The grass has been freshly cut around the gravesite, a mound of dirt just outside the little tent over the … the hole in the ground. I can't look at that hole, so I focus on the tree that will give Bobby shade for eternity right there on Roanoke Avenue. I'll bet I will be able to see his resting space every time I pass by on Salem Turnpike. So many floral arrangements all over the place, roses and lily arrangements, so colorful, so—

There's Roger.

I catch my breath as I catch his eyes, and he doesn't look away. I drop my eyes to Mrs. Swisher's hand, holding my hand tightly. A gray-haired man leads us in a long prayer. We sing several hymns. A few people tell stories about Bobby, but I can't hear them because Bobby is in my head humming while I'm about to
make a wrong move in a chess game, and he's whispering his moves, and if I tune him out to listen to these people, I'll lose his voice forever and—

Oh God, there's a red rose in my hand! I don't want to put it on the casket, I don't want to move from this place, I want to stay here holding this flower, I want to save this flower and put it in a vase to put on my kitchen table to remind me of a boy with shining eyes who loved me….

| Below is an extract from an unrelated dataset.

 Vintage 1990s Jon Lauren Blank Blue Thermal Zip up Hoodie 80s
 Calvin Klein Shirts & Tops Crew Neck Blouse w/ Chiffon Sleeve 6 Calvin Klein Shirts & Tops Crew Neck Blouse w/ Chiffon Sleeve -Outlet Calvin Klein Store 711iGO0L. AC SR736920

It's as if I'm in a dream. I see the casket get bigger, and bigger and see my hand laying the rose on the dark wood, and then I'm standing and watching the casket being lowered into the ground, into the cold, dark, unforgiving ground, and there's someone singing, and it's beautiful, something about never walking alone, and the song ends, and I'm walking away in the sunshine while Roger—

Roger.

I want to talk to Roger.

I want to cry all night on his shoulder.

He's standing over by that hole in the ground telling two men what to do, and—

“Will you come to the house?” Mrs. Swisher asks.

I look down. I'm still holding her hand. “I … I don't think I can.”

“I understand.”

But I don't! I don't understand! I want to understand this. I have been through the deaths of three relationships, the death of Juan Carlos's mama, and the death of a child who loved me, and I still don't get it! Why is all this shit happening?